» ACTIVITY
Without any pictures, the records below should be reproduced exactly.

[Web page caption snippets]
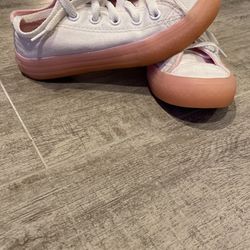 Kids/toddler Converse Size 11.5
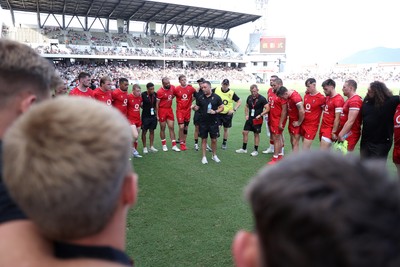 050725 - Japan v Wales - Summer Tour First Test - Wales Head Coach Matt Sherratt speaks in the team huddle
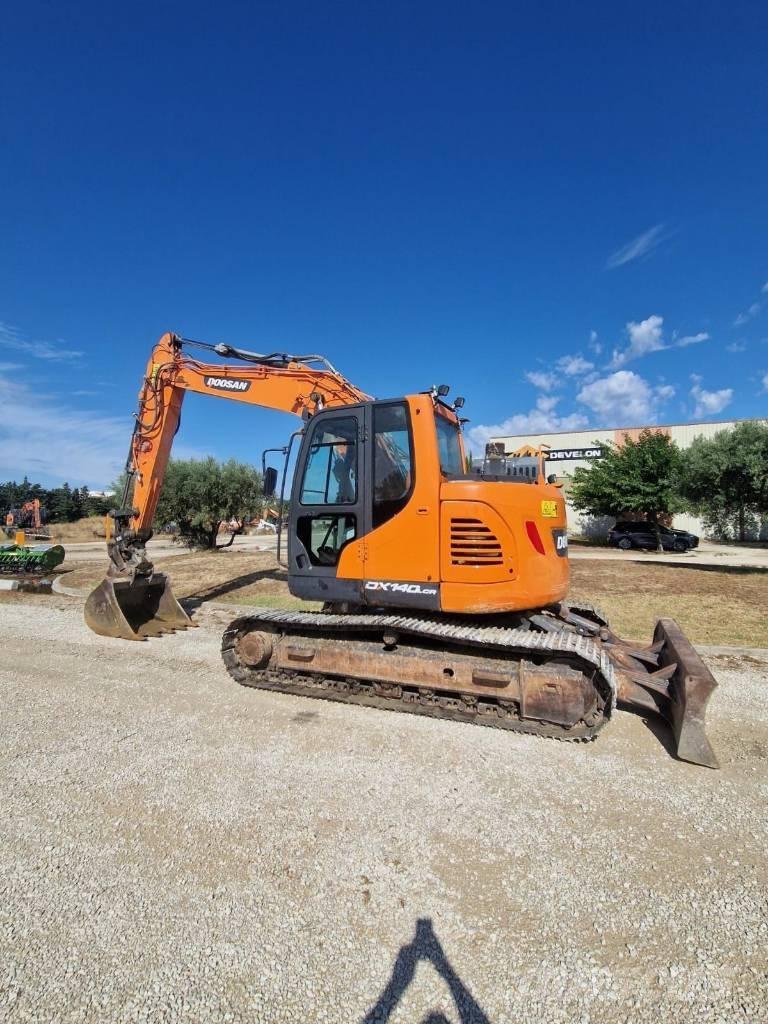 Doosan DX 140 LCR Bandgrävare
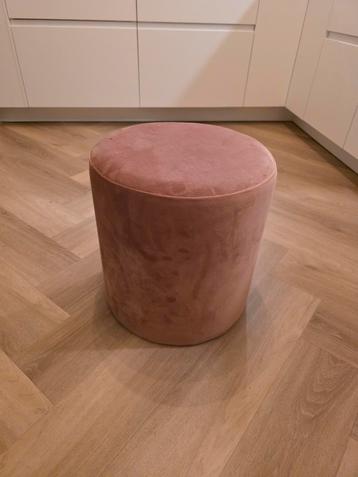 Roze Ronde Poef beschikbaar voor biedingen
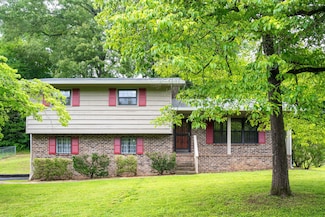 6515 Grubb Rd, Hixson, TN 37343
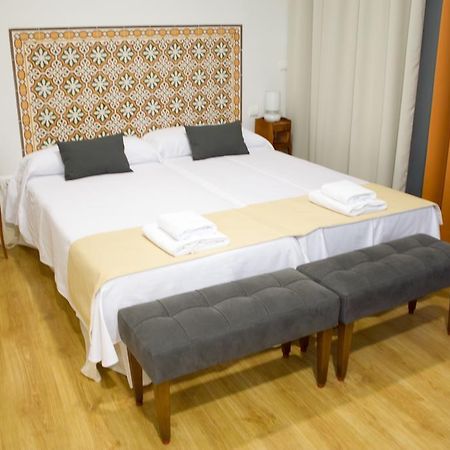Life Apartments Alberto Lista Sevilla Eksteriør bilde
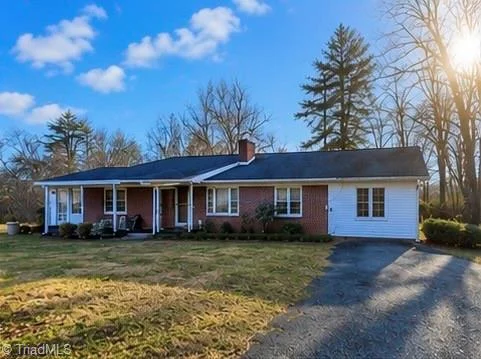 2282 Old Pipers Gap Rd, Cana, VA, 24317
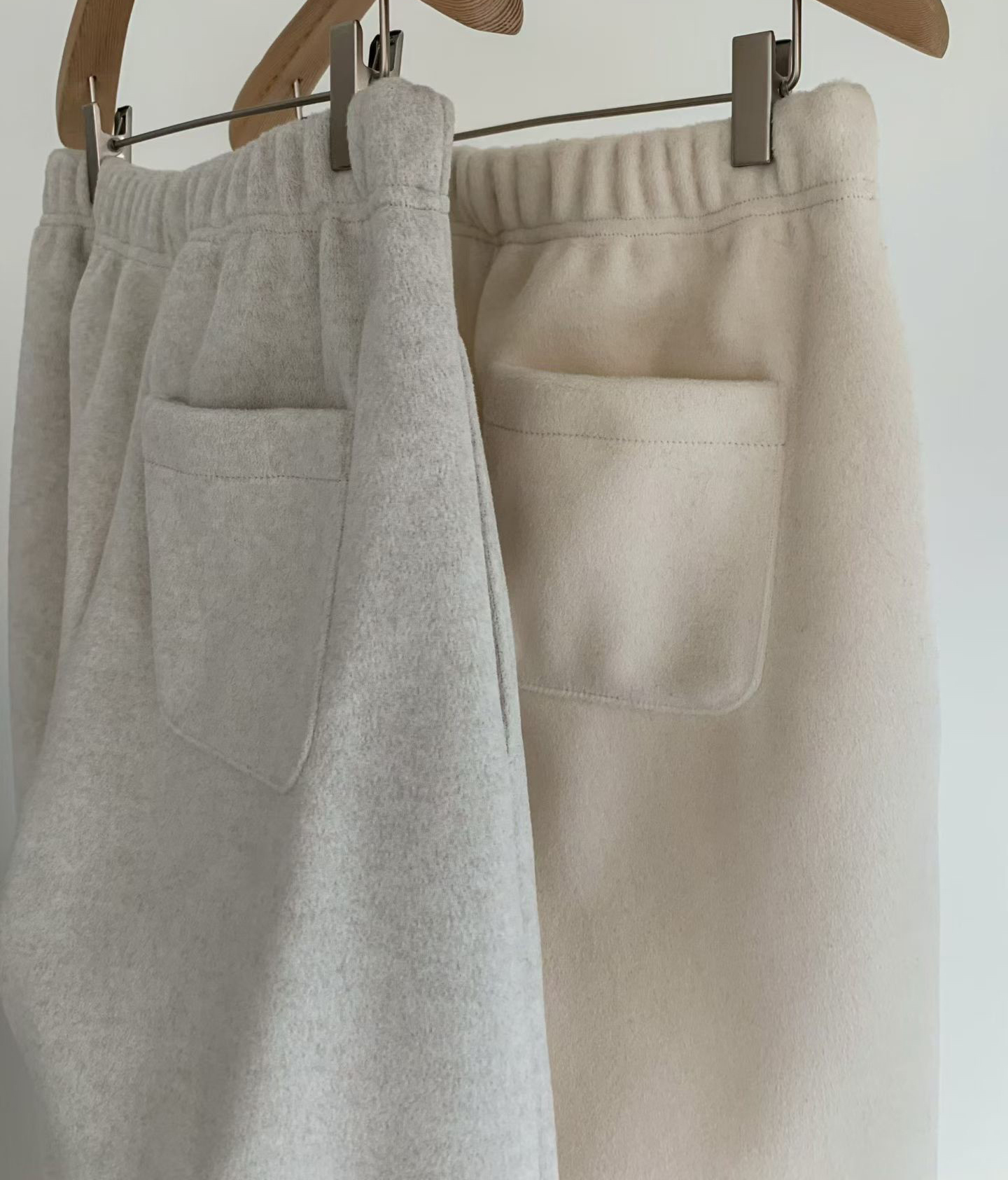 B05.前打褶褲口可束絨面休閒褲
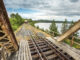 Een trein nadert een spoorbrug in Zweden. Treinreis naar de poolcirkel.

» RESULT OF THIS EXERCISE
 Kids/toddler Converse Size 11.5
 050725 - Japan v Wales - Summer Tour First Test - Wales Head Coach Matt Sherratt speaks in the team huddle
 Doosan DX 140 LCR Bandgrävare
 Roze Ronde Poef beschikbaar voor biedingen
 6515 Grubb Rd, Hixson, TN 37343
Life Apartments Alberto Lista Sevilla Eksteriør bilde
 2282 Old Pipers Gap Rd, Cana, VA, 24317
 B05.前打褶褲口可束絨面休閒褲
 Een trein nadert een spoorbrug in Zweden. Treinreis naar de poolcirkel.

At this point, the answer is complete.